Deaths linked to the virus outside hospitals, such as people who died at home, had not previously been recorded.
According to the statement, the “statistical verification” followed efforts by authorities to “ensure that information on the city’s Covid-19 epidemic is open, transparent and the data [is] accurate”.
The statement added that health systems were initially overwhelmed and cases were “mistakenly reported” – in some instances counted more than once and in others missed entirely.
A shortage of testing capacity in the early stages meant that many infected patients were not accounted for, it said.
A spokesman for China’s National Health Commission, Mi Feng, said the new death count came from a “comprehensive review” of epidemic data.
In its daily news conference, the foreign ministry said accusations of a cover-up, which have been made most stridently on the world stage by President Donald Trump, were unsubstantiated. “We’ll never allow any concealment,” a spokesman said.
The April 17 revised figures come amid growing international concern that deaths in China have been under-reported. Questions have also been raised about Beijing’s handling of the epidemic, particularly in its early stages.

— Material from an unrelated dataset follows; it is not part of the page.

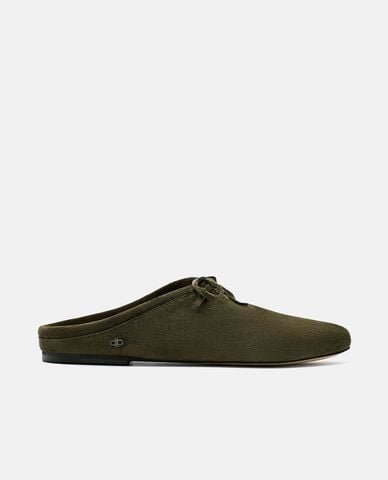  PEDRO - Giày mules nữ đế thấp mũi tròn Elise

In December 2019, Chinese authorities launched an investigation into a mysterious viral pneumonia after cases began circulating in Wuhan.
The country reported the cases to the World Health Organization (WHO), the UN’s global health agency, on December 31.

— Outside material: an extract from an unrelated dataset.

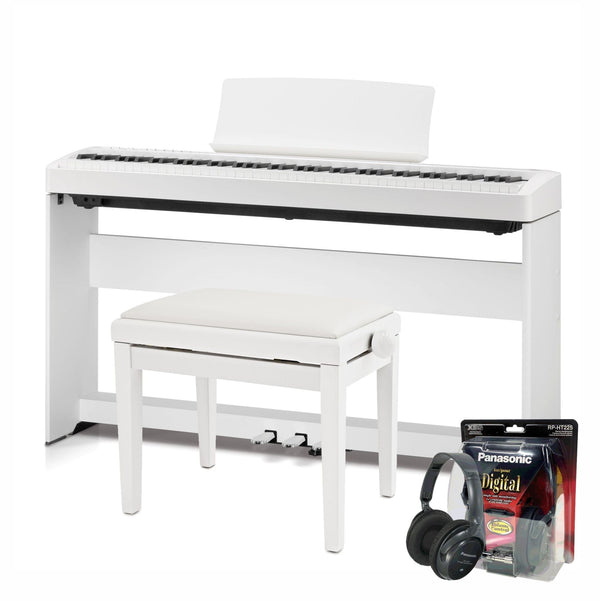 Kawai ES120 Digital Piano; White Elite Package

However, WHO experts were only allowed to visit China and investigate the outbreak on February 10, by which time the country had more than 40,000 cases.
The mayor of Wuhan city has previously admitted there was a lack of action between the start of January – when about 100 cases had been confirmed – and January 23, when city-wide restrictions were enacted.
Around that time, Dr. Li Wenliang, who tried to warn his colleagues about an outbreak of a SARS-like virus, was silenced by the authorities. He later died from Covid-19.